"Sometimes it's a good feeling that's important," he smiles, his own fingertips beginning to prickle with cold in spite of his gloves. He shifts so that he can follow suit in tucking his hands in under his arms. "Maybe it's silly, but sometimes, I think the lights are like a reminder to be hopeful. Sometimes you are disappointed, yes, but that's also something important. If you didn't have the disappointing times, the good times wouldn't be so special."
His cheeks warm a little more, and Fannar suddenly laughs a quiet, bashful laugh. Oh. He's talking too much. "Sorry, I— I just think a lot."
Not just. It's a secret he's kept hidden, all the time he's lived: he writes. He's lost track of how many poems he's written on the subject of the northern lights, so they bring up many a thought — but that knowledge, he'll burn his throat on lava before he ever admits it aloud. No, that's just for him... even when he feels the occasional, fleeting pang to tell someone. In all his years, it is his best guarded secret.
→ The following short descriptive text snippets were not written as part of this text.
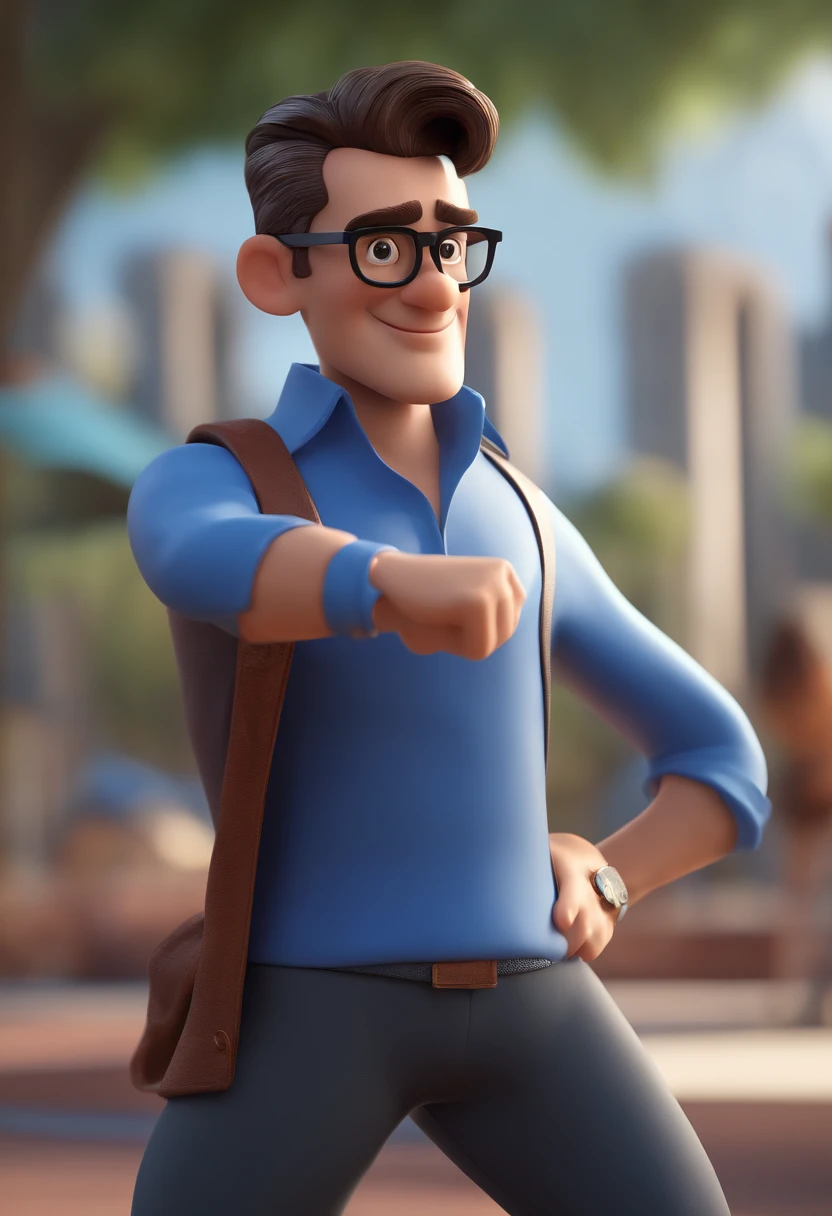Cartoon character of a man with black glasses and a blue shirt, animation character, Caractere estilizado, animation style rendering, 3D estilizado, Arnold Maya render, 3 d render stylized, toon render keyshot, Personagem 3D, Personagem 3D, 3d rendering stylized, 3 d character render, personagem de desenho animado, Personagem de close up, Pose de personagem, (Estilo Pixar) (master part:1.2) (Bokeh) (best quality) (pele detalhada) (textura detalhada) (8k) (argila) (Cinematic lighting) (foco nítido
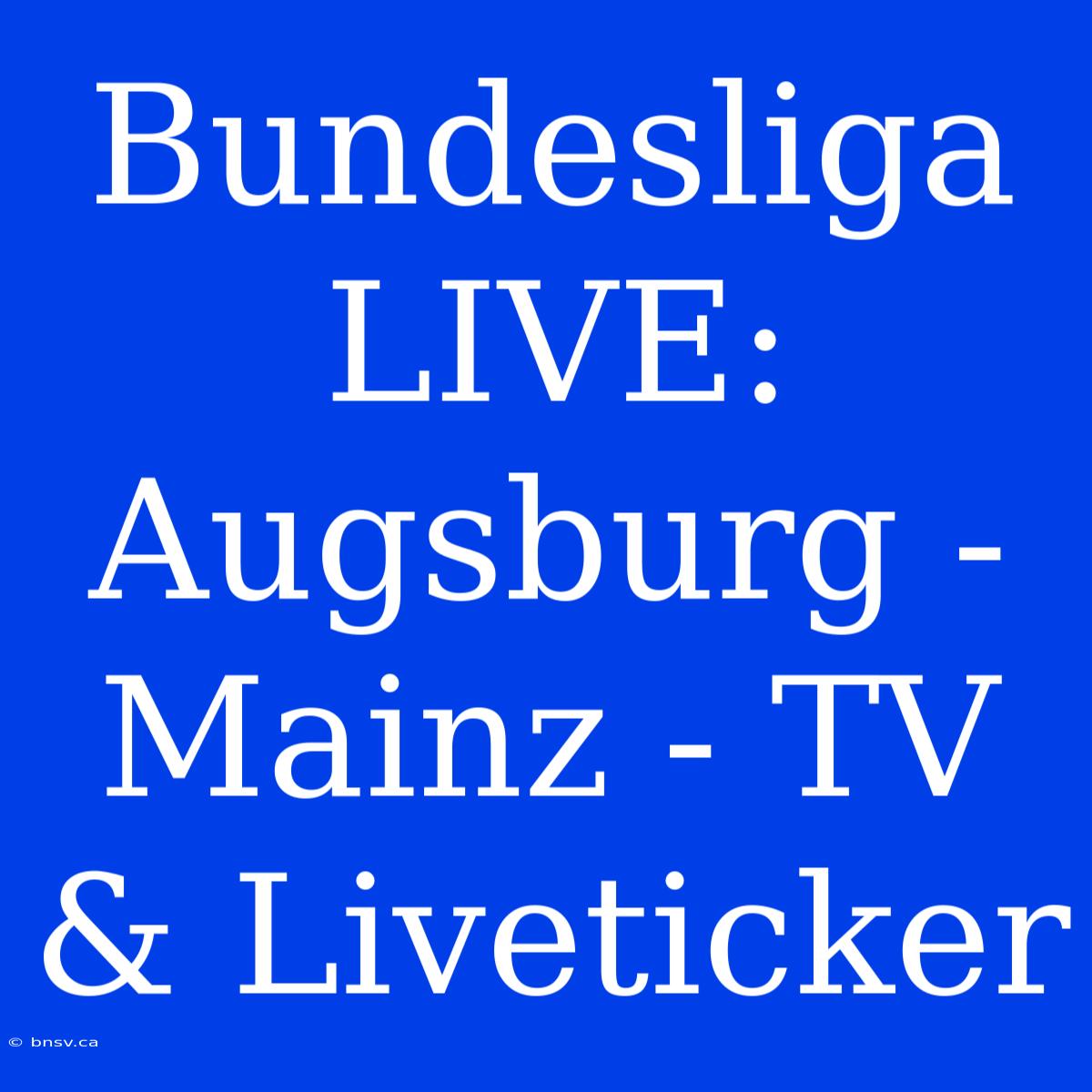 Bundesliga LIVE: Augsburg - Mainz - TV & Liveticker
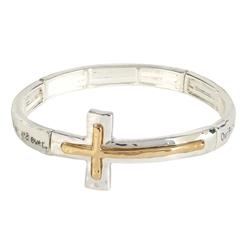 30-4919T Lords Prayer Sideways Cross Bracelet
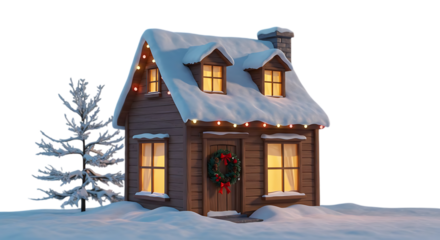 Cozy Snow-Covered Cottage with Christmas Decorations Enveloped in Winter Ambiance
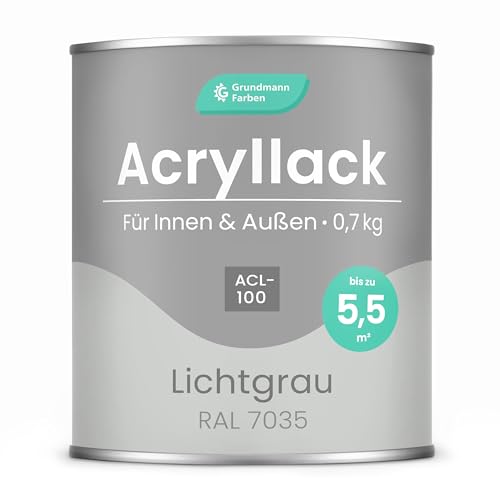 Grundmann Acryllack ACL 100 - Hellgrau 0,7 Kg - 4in1 Lack inkl. Grundierung - Innen und Außen - Für Holz, Metall, Stein & Kunststoff - Lichtgrau RAL 7035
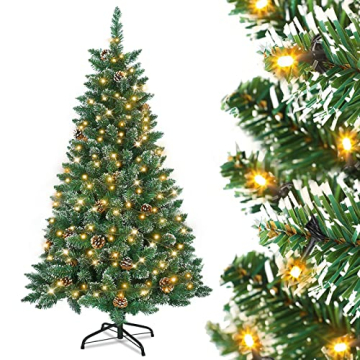 Aufun Künstlicher Weihnachtsbaum Tannenbaum mit Beleuchtung 250 LED warm-weiß inkl. Metallständer 570 Spitzen, PVC Christbaum für Weihnachten-Dekoration (150cm, Schnee-Effekt+Kiefernzapfen+LED) - 1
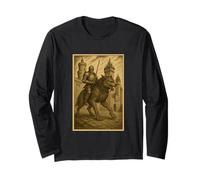 Cavaliere medievale equitazione un lupo mannaro Fantasy Art Surreale Rider Maglia a Manica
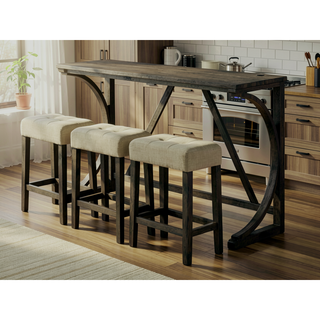 Sunvega Transitional Brown Rubberwood Dining Table Set with 3 Tufted Stools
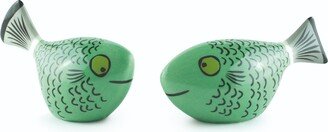 Hannah Turner Green Fish Salt & Pepper Shakers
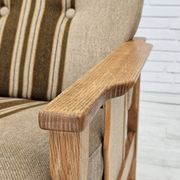 1970s, Danish 3 seater sofa, original very good condition, wool, oak.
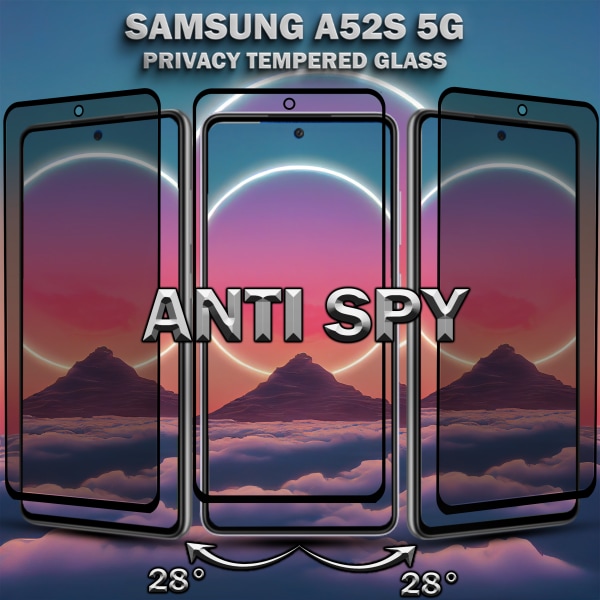 1-Pack Privacy Skärmskydd For Samsung A52S (5G) - Härdat Glas 9H - Super Kvalitet 3D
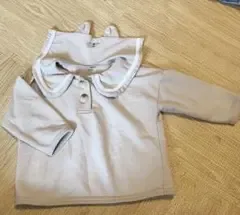 ベージュ 襟付き長袖Tシャツ 耳付き襟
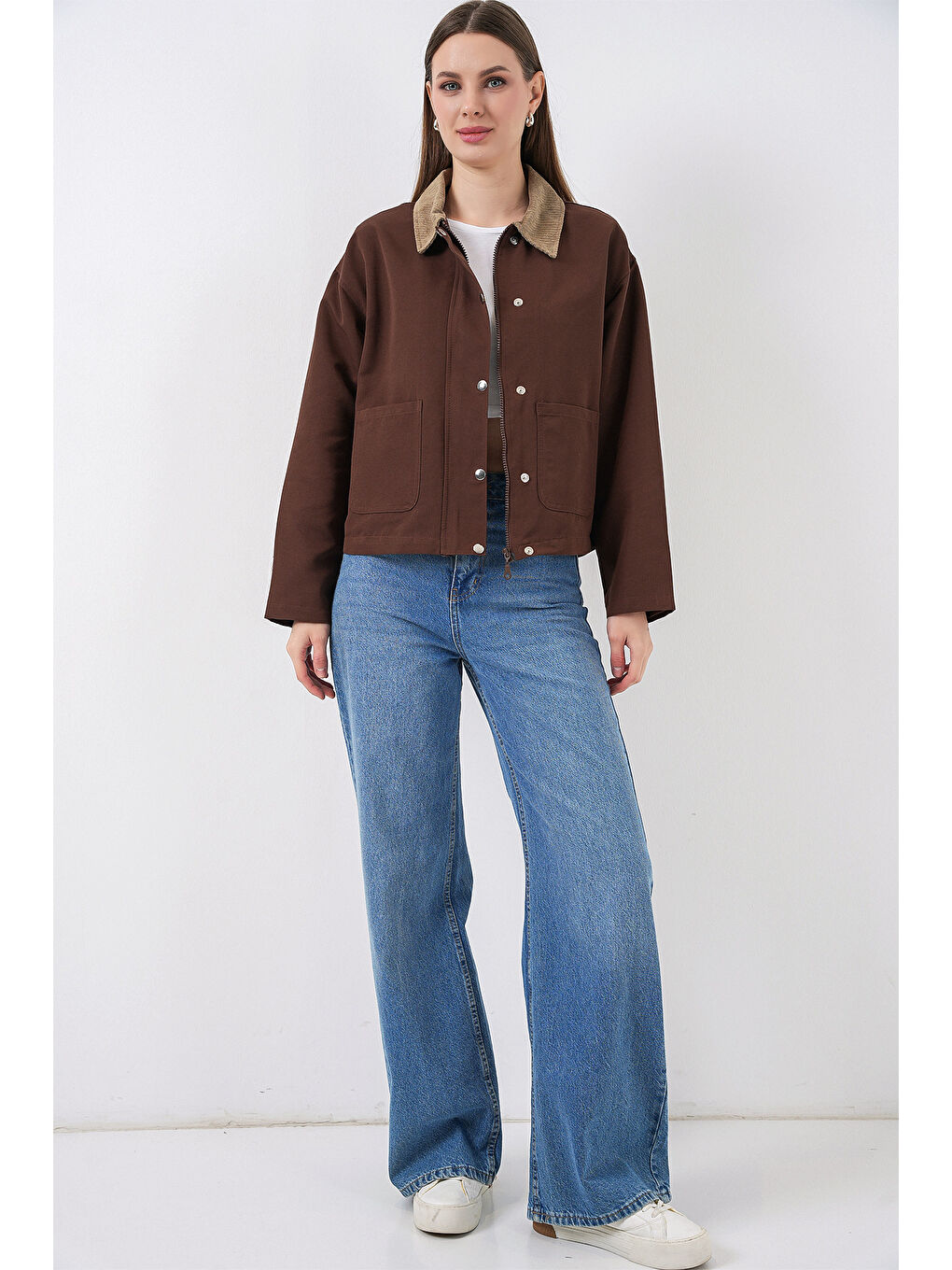 Kadın Cep Detaylı Kısa Ceket 5975 - Kahverengi-1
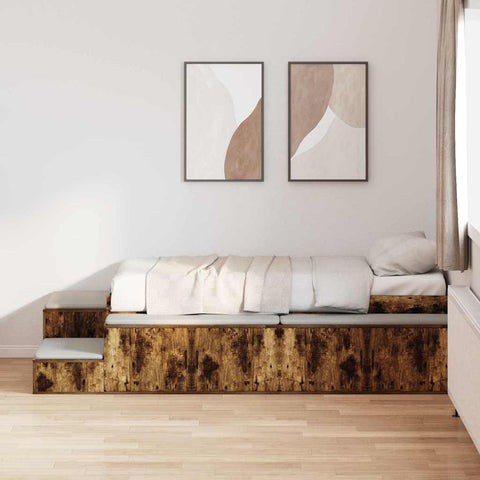 vidaXL Storage Bed Frame with Drawer Smoked Oak 244 x 118 x 53.5 cm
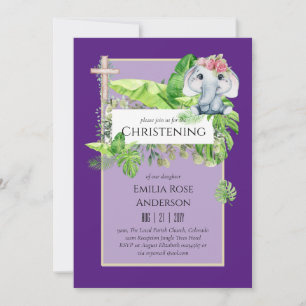 Baby Elephant CHRISTENING Invitation pour les fill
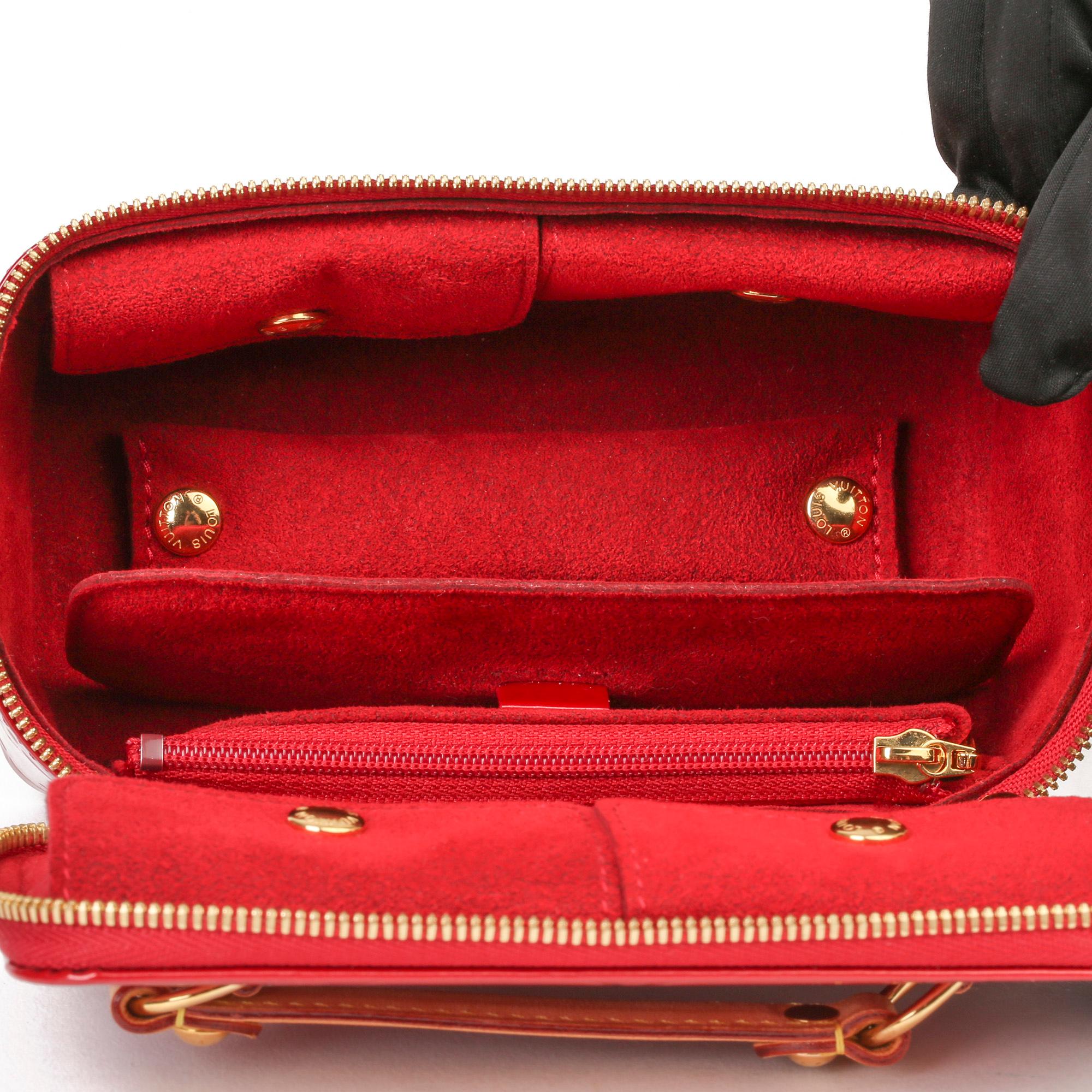Louis Vuitton Red Vernis Leather Vintage Mini Jewellery Case 6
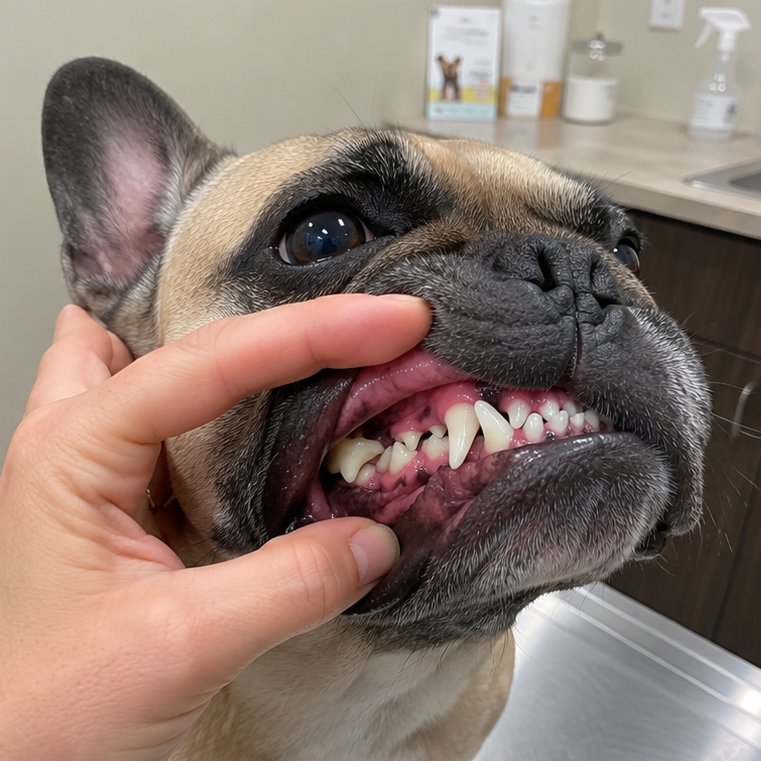 Dog's teeth after a dental cleaning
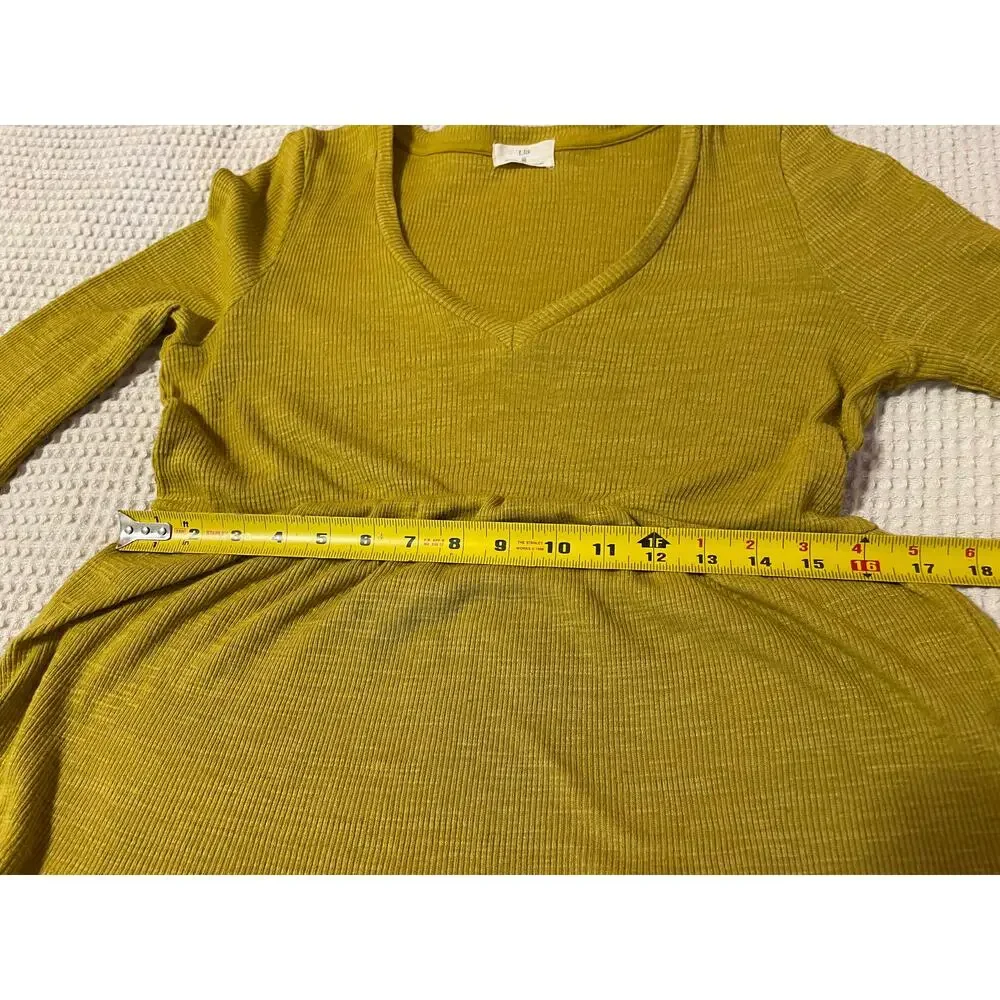 Anthropologie T.La V Neck Ribbed Babydoll Long Sleeve Top Citron Yellow Green XS - Picture 5 of 15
"No — it's not," he answers, gratefully drawn from his own head. He untucks one hand so that he can gesture along the shape of one arc. "Little electric... Ah, the fucking English — particles? — From the sun, they come to the Earth. Our magnetic field pushes most of it away, but in the north and the south, the magnetic field is the most weak — which is why we only really get them there. And, so, when they come into Earth, they'll hit, like, oxygen and stuff up there — and when they do, it makes a tiny light. So, really, what it's all just... billions upon billions of little tiny lights, and they all come together. And that's what we see."
He turns his head to look at Aiden, and he smiles. "I was told, it's the same as how neon lamps work. How people were able to just..." He gestures back up to the lights, as if emphasizing their size. "It's so big, here. But then these little lights, they're like... they're kind of like the northern lights, but — eh — controlled, you know? Isn't that the most incredible thing? That such smart people could take these lights, and put them in a jar to make something beautiful that they wanted to make. They're so different, but also... not so different. Isn't that amazing?"
Once again, he catches himself as talking too much, and he once again shrinks into himself. With a bashful laugh: "I-I'm sorry — I'm really talking a lot this evening."